Interesting that you mention spooky action at a distance!
As an erstwhile scientist I find it hilarious that the “spooky action at a distance” of the free market is both conspicuously spooky and absent from any kind of measures to address the absolutely catastrophic changes the climate is undergoing.
In contrast a free-market appears to been used to buy votes to allow the process of ignoring the future to continue.
There is simply no rational pricing that can explain why we would knowingly destroy the climate in this manner.
Therefore I’m forced to conclude there for that irrational pricing is the best fit.
So yes, government should definitely pay.
And I would also suggest that they should pay out in a wide range of very innovative schemes and let people choose the best loophole for optimising those carbon loot boxes.
For example, if the removal of carbon can only be proven by doing a full carbon audit of a given process chain then it’s going to be highly debatable.
That will be the case for some solutions such as better land management and planting trees etc.
That’s fine: just don’t pay too much for any one scheme.
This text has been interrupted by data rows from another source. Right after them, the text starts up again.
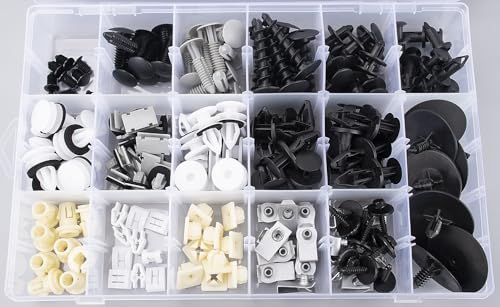 OAUTOO 180pcs fits Chevy Tahoe & Suburban GMC Yukon 2007-2014 Auto Body Interior and Exterior Retainer Fastener Clip Assortment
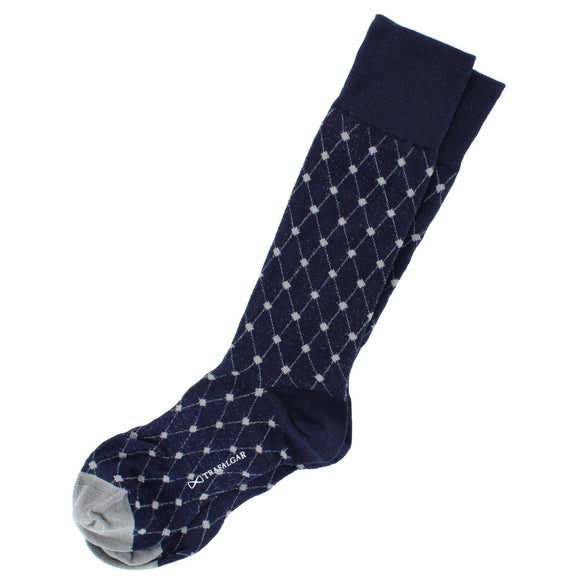 Navy Blue and Grey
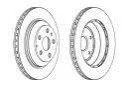 Диск тормозной задний, 358mm Q7/Touareg/Cayenne 02- FERODO DDF1855C (фото 1)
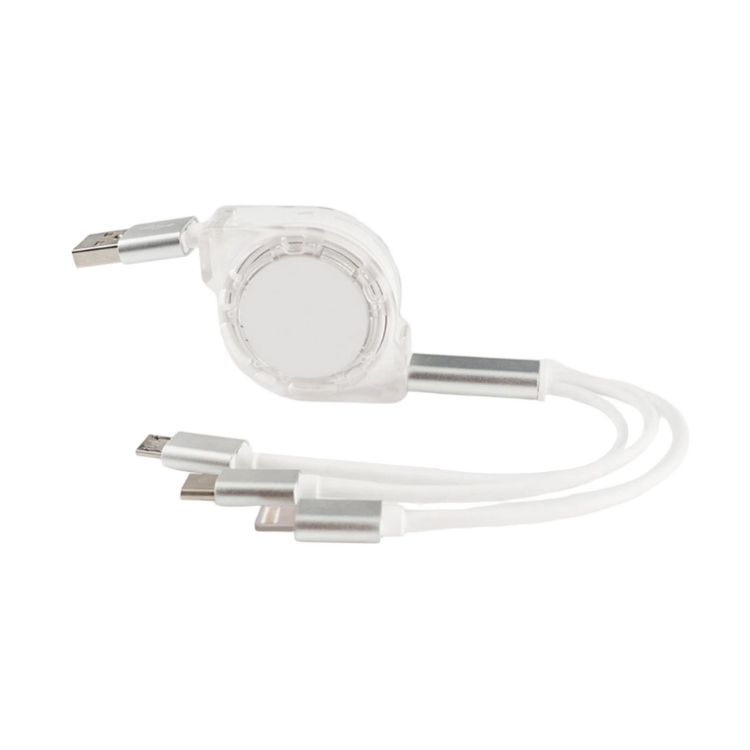 Picture of 3-in-1 Retractable Charging Cable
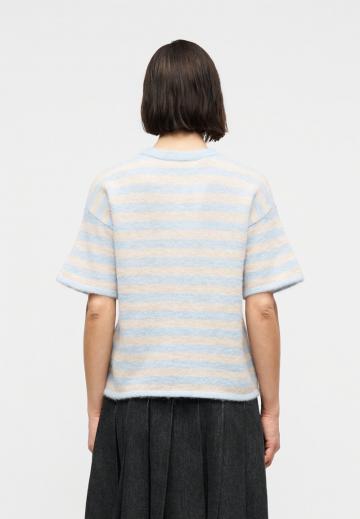 Пуловер с коротким рукавом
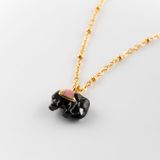 Jewelry - Black elephant necklace - Sawadee - NACH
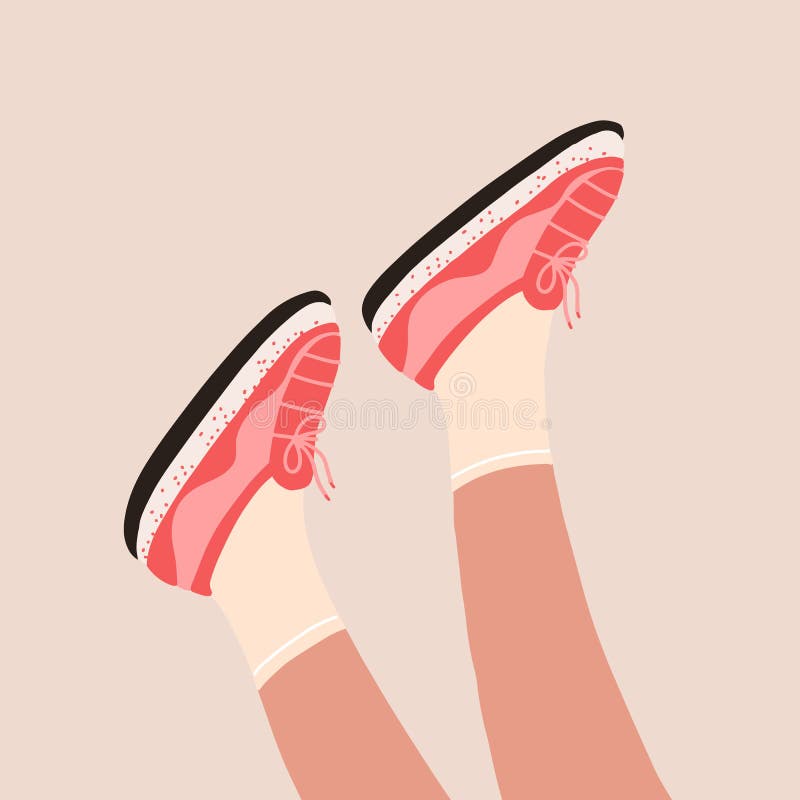 Ugly Sneakers Vector Illustration Stock Illustration - Download Image Now -  Shoe, Ugliness, Athlete - iStock
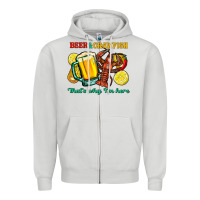 Dove Grey Beer&crawfish that's why i'm here Zipper Hoodie - FaDigitalArtStudio
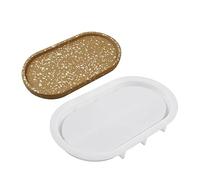 Oval Dish Tray Silicone Mold Fruit Plate Casting Molds Handmade Silicone Crystal Epoxy Resin Mold Cup Mat Crystal Resin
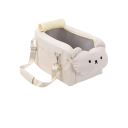 Autosedață pentru câini și pisici 43 x 25 x 22,5 cm cu centuri de siguranță și design drăguț, ideală pentru animale mici și medii 1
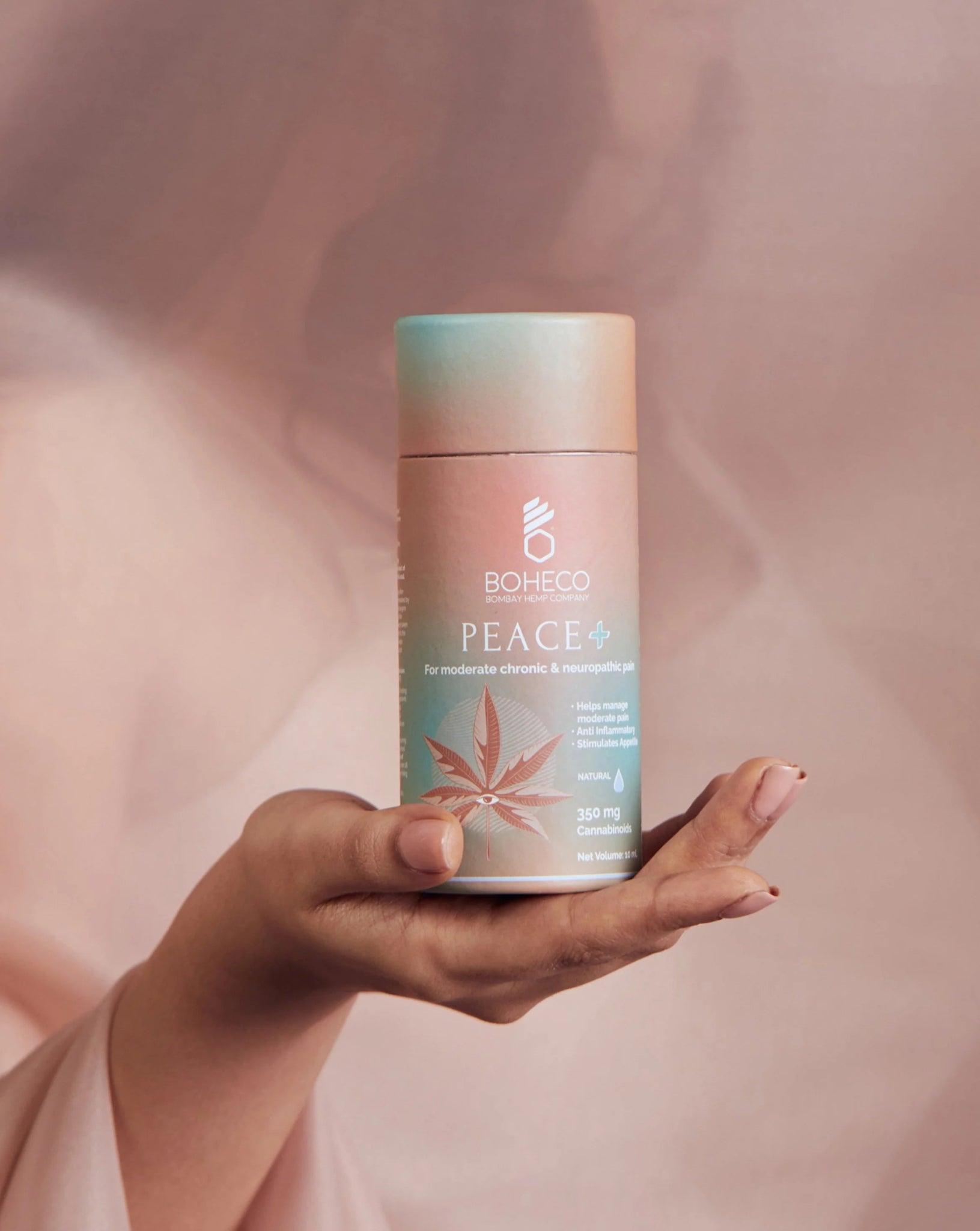 Boheco - Peace + | For moderate to severe chronic pain and neuropathic conditions (THC 20mg/ml : CBD 10mg/ml).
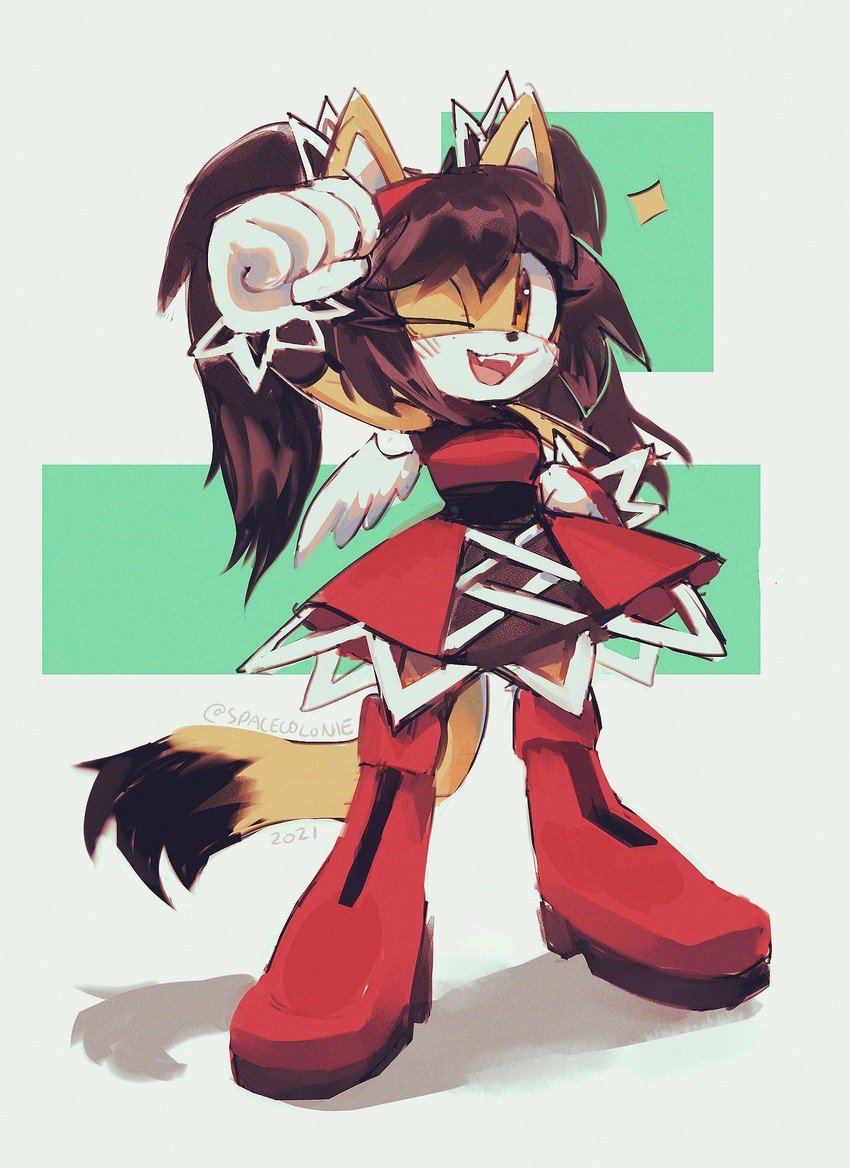 honey the cat (sonic and 2 more) drawn by spacecolonie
Remember the environment is literally priceless. As Jeff Bezos points out: “Earth it really is the best planet: trust me on this one'
So, if we consider that we therefore have a future pot of infinite value from the hypothetically saved environment to invest, really we should be going hell for leather paying out subsidies on all mitigation, sequestration and remediation techniques.
The best time to plant a tree was 20 years ago the second best time is today
This year I personally intend to find the planting of a dozen or more trees as one of my charitable contributions, as I have done for the past three years.
I would encourage the readers of this article to consider what their contribution will be.